Irish wolfhounds are amazing, and there are so many fascinating facts about them. Here are our top 10 facts about the Irish wolfhound.
Want to know the top facts about the Irish wolfhound? Listen up.
The Irish wolfhound is a fascinating breed of canine in both appearance and character. A native dog of Ireland, this handsome hound is a Celtic symbol of strength and courage that has shadowed the Irish warrior throughout the ages.
Like much of our heritage, the Irish wolfhound appears in many mythical stories and traditional legends.
They often spark a sense of nostalgia to those familiar with childhood tales of Fionn MacCumhaill and Setanta, standing loyal and proud against the rugged backdrop of the rural Irish landscape.
But there is more to the Irish wolfhound than meets the eye, and if you’re not familiar with the breed, you might be surprised to find out some less obvious facts. Here are the ten most interesting facts about the Irish wolfhound.

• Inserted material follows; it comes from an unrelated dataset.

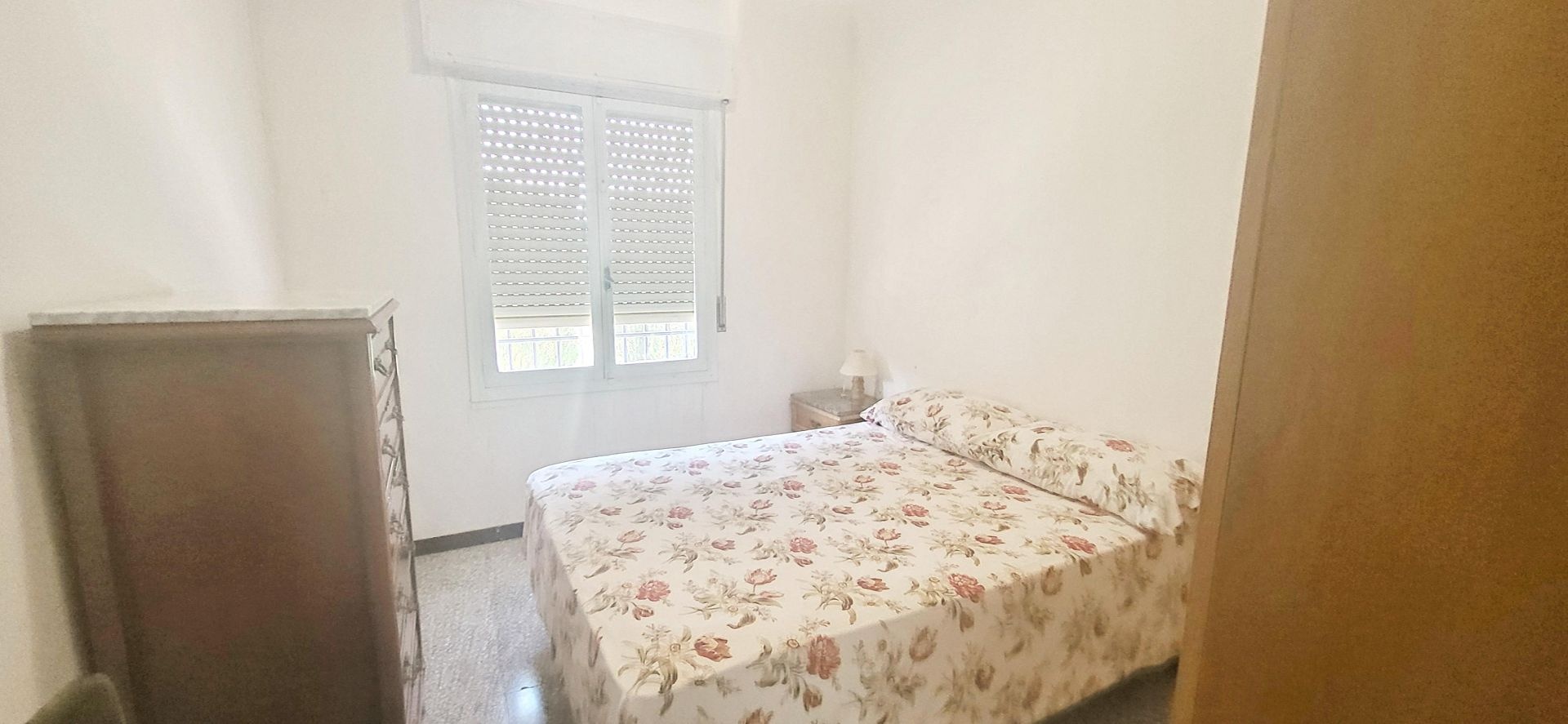 Resale - 4 Bedroom 1 Bathroom Villa in Novelda -  - Alicante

10. Irish wolfhounds are the world’s tallest dog breed – they’re giant!
The Great Dane is often believed to be the tallest dog in the world, but historically, the Irish wolfhound holds the title.
A male Irish wolfhound can stand as high as three feet tall on all fours, or a towering seven feet on his hind legs.

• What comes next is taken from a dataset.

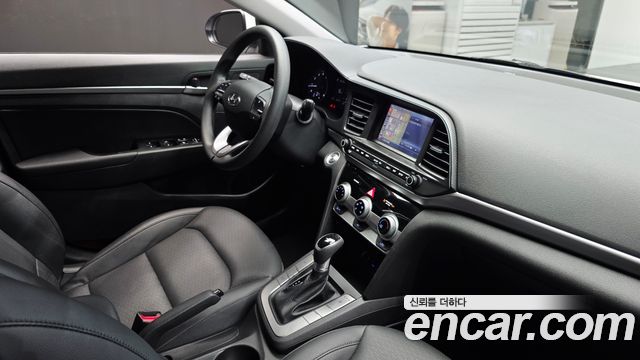 Hyundai AVANTE 2020 — photo 26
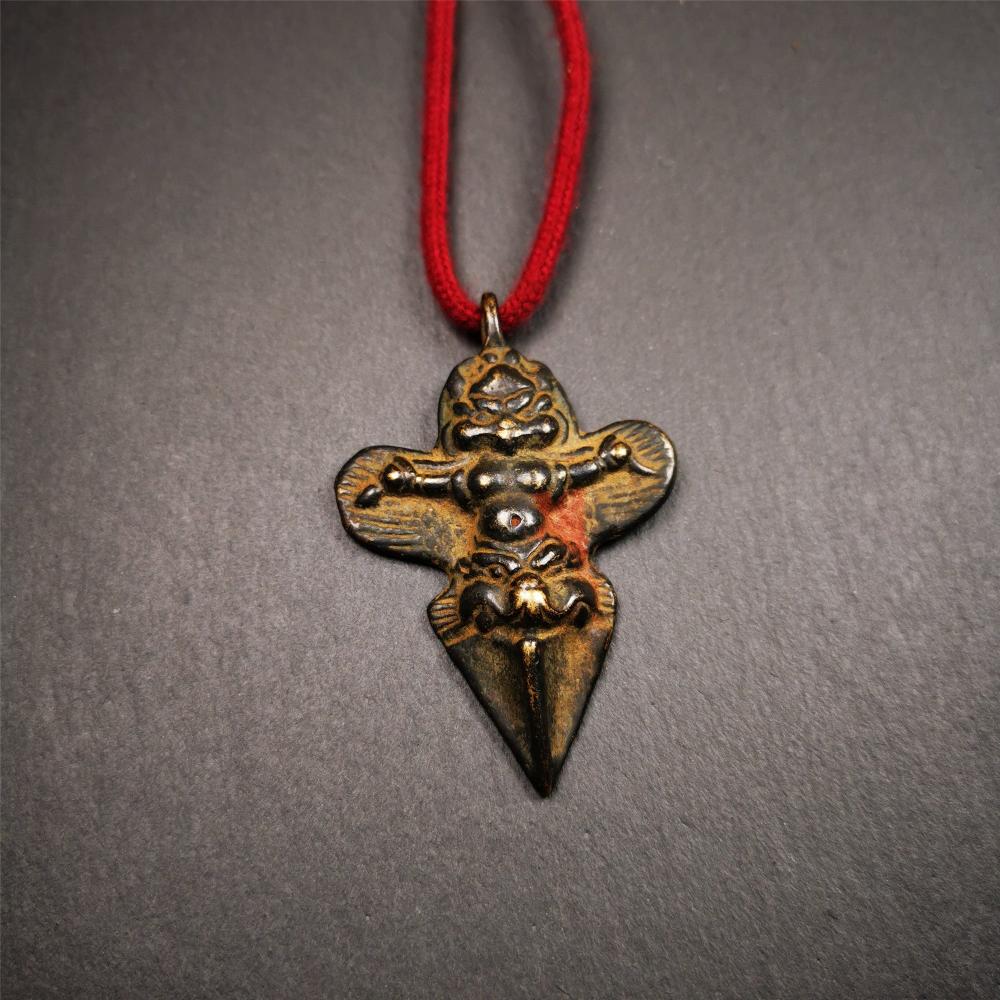 This Garuda is handmade by Tibetan craftsmen from Tibet, its upper part is a garuda holding a dragon in its hand, the lower part is a phurba, the whole is made of thokcha, the size is 2.56" by 1.73", very delicate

The female is slightly shorter but still presents a lanky lady. The Irish wolfhound, however, is by no means the heaviest breed, but with the potential to pack an impressive 180 pounds, they’re by no means lightweight.
But, despite their impressive stretch, the Irish wolfhound’s height is often his downfall, causing many underlying health problems in later years.
9. They held pride of place in ancient Ireland – as they should have
The early Irish Kings left us many clues to how life was on the Emerald Isle, their coat of arms leaving evidence that the Irish wolfhound played a key role.
“Gentle when stroked, fierce when provoked”, read the inscription alongside a shamrock and harp, depicting the gentle yet brave nature of their loyal companion.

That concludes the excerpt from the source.